Music / Weekly Mix

LAMP Weekly Mix #196 feat. Blaise James

This week we’ve got a very special guest on the books for you. Blaise James is a name familiar to a lot of you in the industry for his incredible work with a very notable music brand. What you may or may not know is that he’s also a fantastic DJ and a lover of all things house and techno! A few weeks ago a mutual friend shared his mixtape, and needless to say it was hard to pass up on putting this mix out on his behalf.

MR PUZL: Hey Blaise, thanks for joining our mix series this week. You’ve sent us over something quite special. Tell our audience what you’ve got in store for them.

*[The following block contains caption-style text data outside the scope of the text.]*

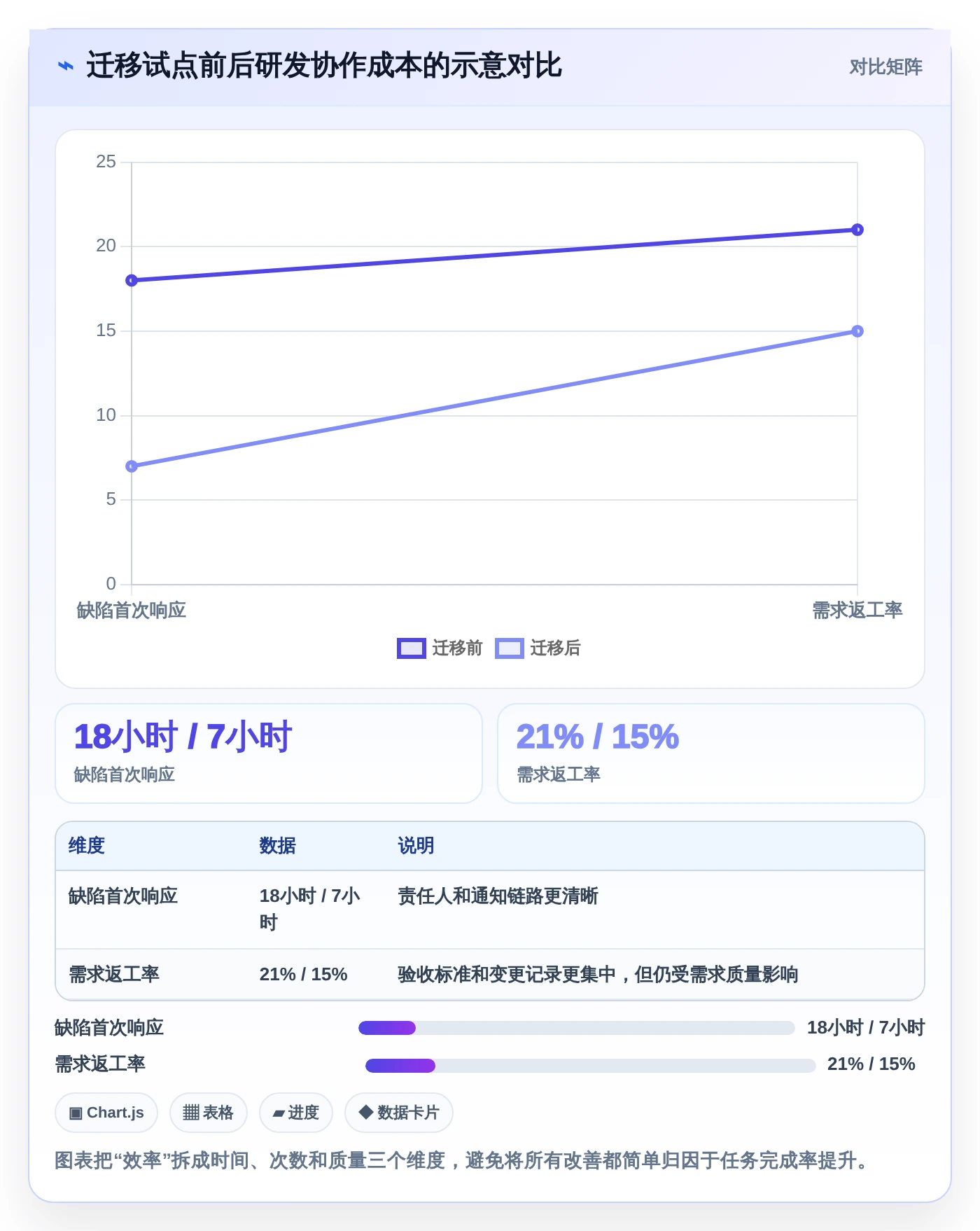 2026年项目管理革新:6款替换Jira的顶级工具盘点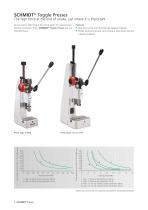 SCHMIDT® Presses - 9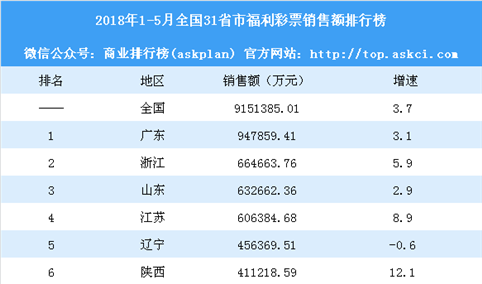 2018年1-5月全国31省市福利彩票销售额排行榜：陕西反超湖北（附榜单）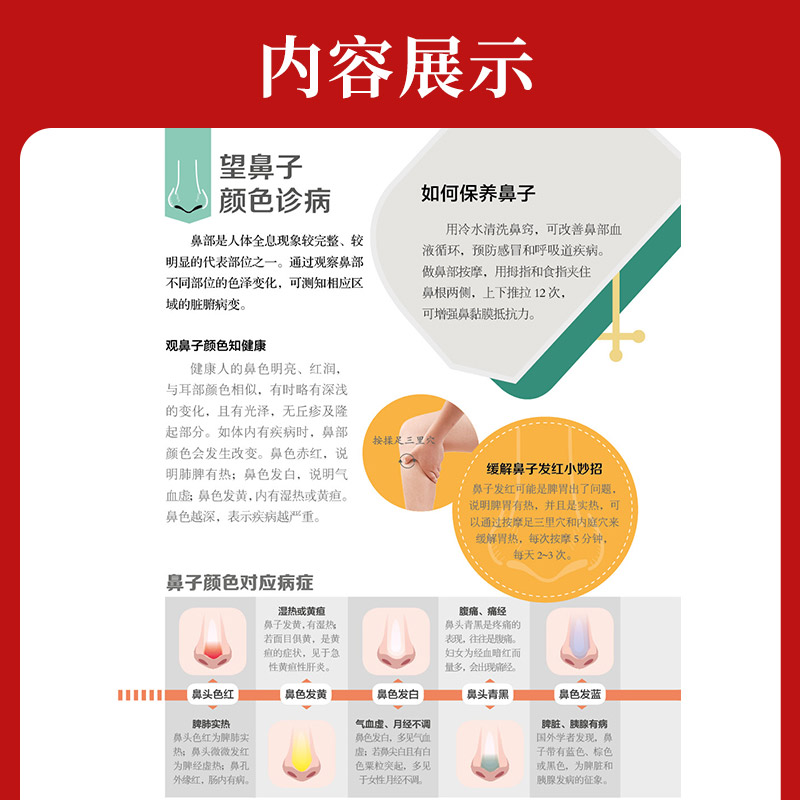 零基础学面诊手诊脉诊把脉中医入门零基础学中医诊断学本草纲目黄帝内经中医书籍大全处方舌诊手诊快速入门面诊书籍图解大全号脉-图2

Blaise James: Thank you… I love making mixes like this because I see each one like a puzzle, and it’s fun and challenging to see how they work together. With this one I just thought about setting a nice warm tone in the room early on in the night. You can keep your hands down for this one because it’s about the groove and not “the drop” 😉

MP: As a DJ you’ve performed at some of the most prominent events and festivals in the world. In the past you’ve mentioned that your ideal setting to spin is in a small, intimate space. Why is that?

BJ: Number one, it’s always going to be a more intimate vibe and it’s easier to connect with the audience as humans, which is the most rewarding part of DJing. You can play things that are really interesting or challenging and not worry so much about having to “fill the room” with big sounds or long buildups / drops. There is also less concern about “filling the room” in the sense of bodies, so you know you’re going to get the “right” people who really want to be there and aren’t just there because of some drink special or promotion. Quality over quantity all day. I’d rather play to 10 people and make a real connection with them than play *at* 1,000 people who I can’t make eye contact with.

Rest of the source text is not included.